*** The data ***

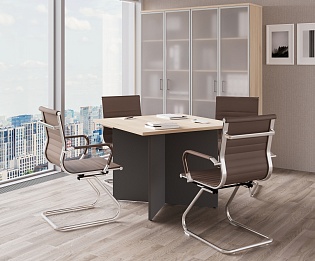 фото мебель Project Acacia  №4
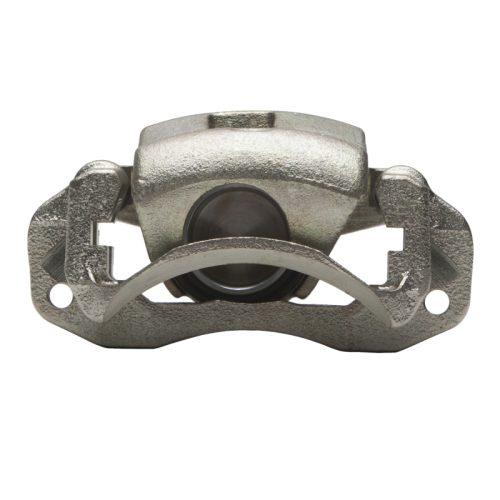 331-80051 DFC OE Replacement Brake Caliper (Front Left: 1999-2001 Mazda Protege)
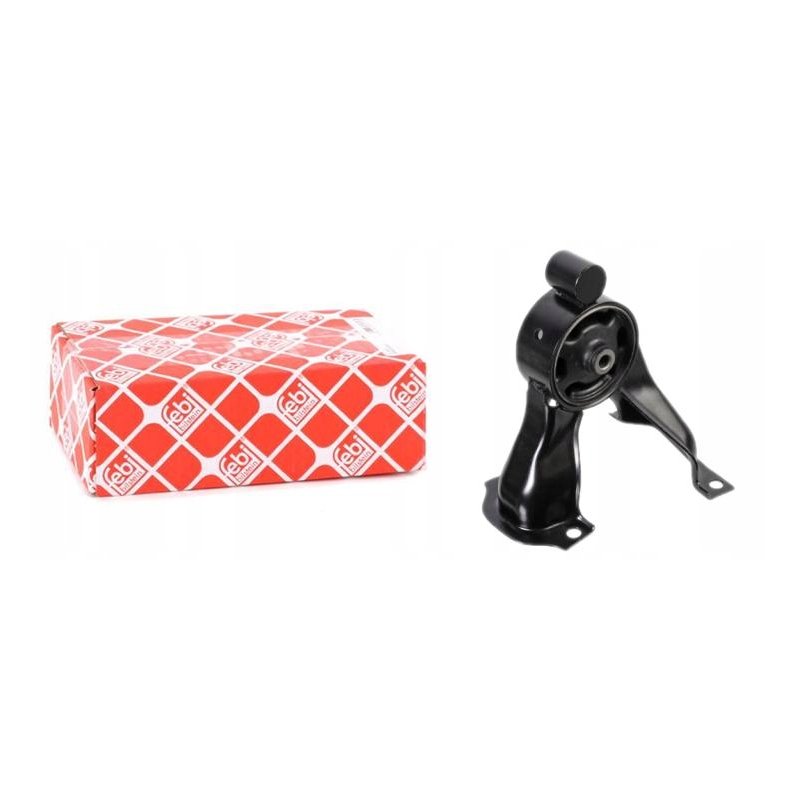 Poduszka silnika FEBI BILSTEIN FE104523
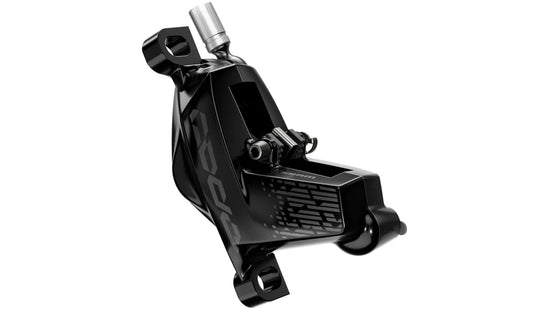 Sram Code RSC VR Scheibenbremse online kaufen Bis zu 50% Rabatt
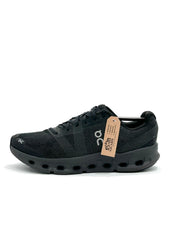 On Cloud Cloudgo Lightweight Branded Running Comfortable Shoes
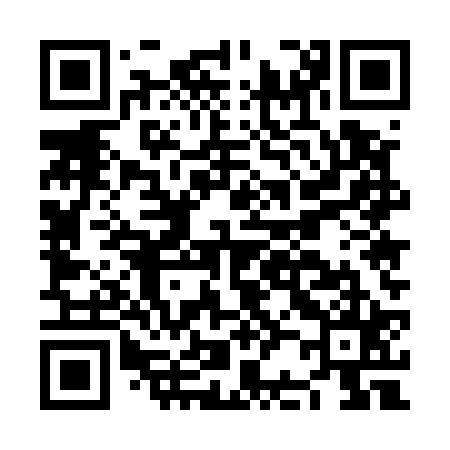 QR code for NB5525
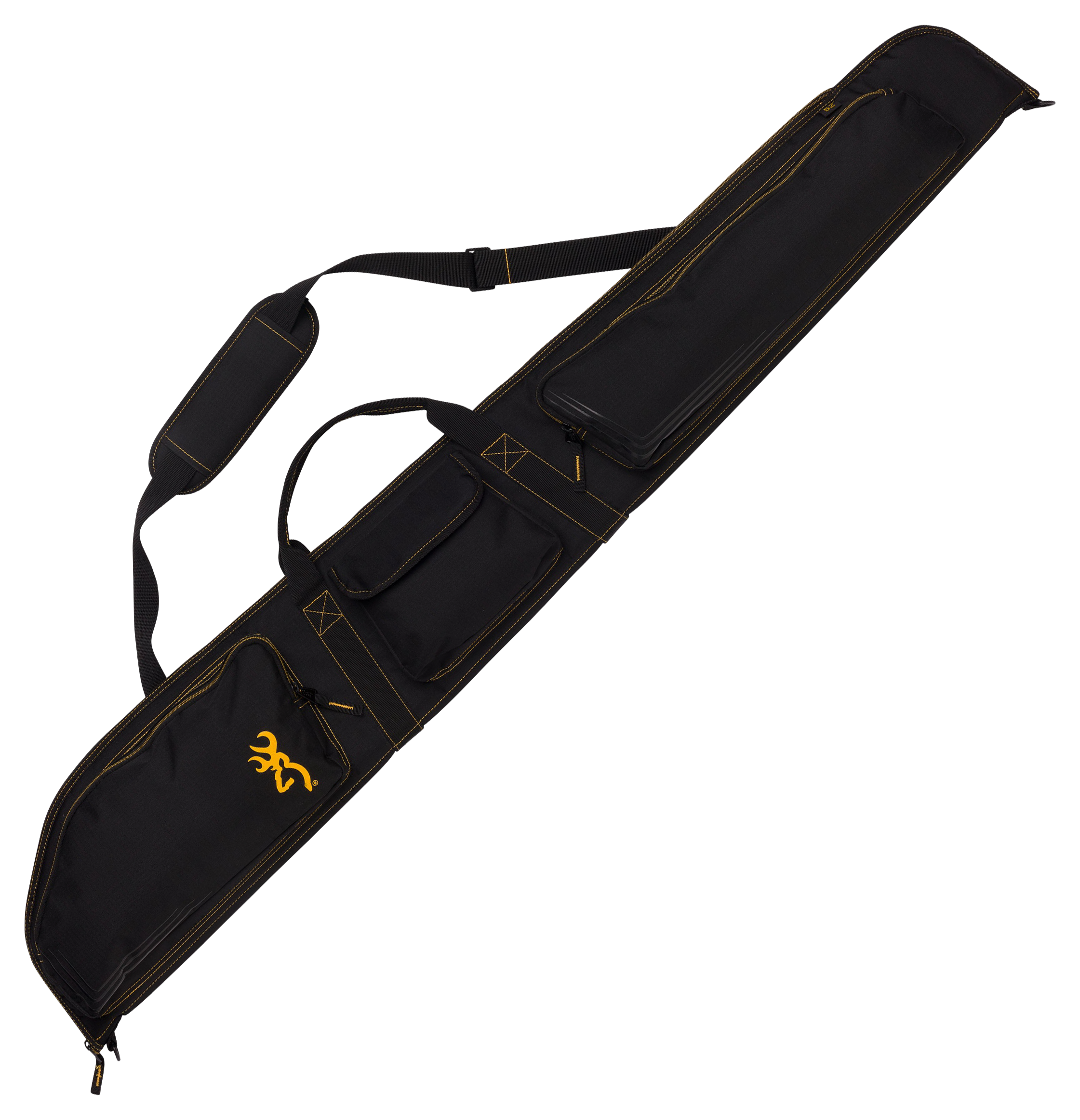 Image of Browning Flexible Shotgun Case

***

- [Problem details]: Omitting all images, retype each line of the records precisely.

- [Response to the task]:
 фото мебель Project Acacia  №4
 331-80051 DFC OE Replacement Brake Caliper (Front Left: 1999-2001 Mazda Protege)
 Poduszka silnika FEBI BILSTEIN FE104523
 Sram Code RSC VR Scheibenbremse online kaufen Bis zu 50% Rabatt
 On Cloud Cloudgo Lightweight Branded Running Comfortable Shoes
 QR code for NB5525
 Image of Browning Flexible Shotgun Case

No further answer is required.